╭─ Data excerpt

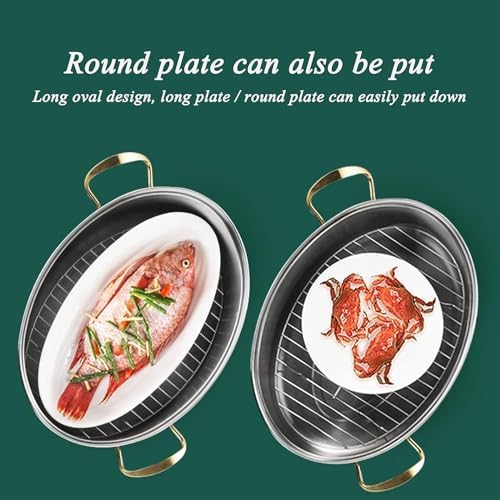 Roasting Pan, Stainless Steel Fish Steamer Elliptical Roasting Pan Multi-Use Oval Pasta Pot Braiser Stockpot with Rack, Induction Compatible Dishwasher/Oven Safe Turkey Roaster(Double Layer)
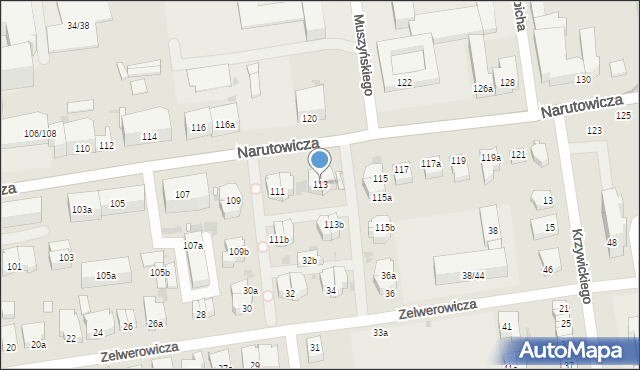 Łódź, Narutowicza Gabriela, prezydenta, 113, mapa Łodzi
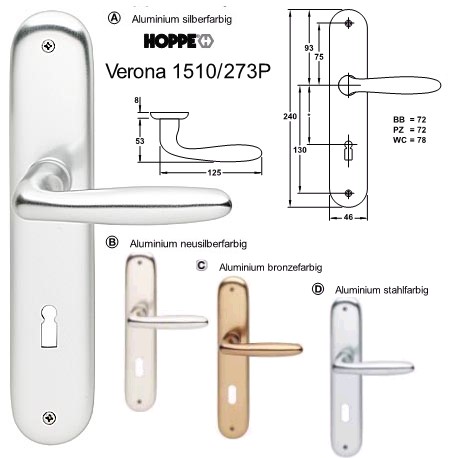 Hoppe Verona 1510/273P WC Zimmer Langschild Garnitur Aluminium neusilberfarbig eloxiert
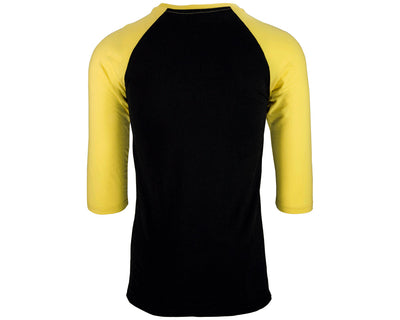 black and yellow baseball tee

╰─

Your instructions> Do not include the pictures. Quote only the lines from the line with "Hoppe Verona 1510/273P" through the end of the material, both ends included, exactly.

Output of the exercise>
 Hoppe Verona 1510/273P WC Zimmer Langschild Garnitur Aluminium neusilberfarbig eloxiert
 black and yellow baseball tee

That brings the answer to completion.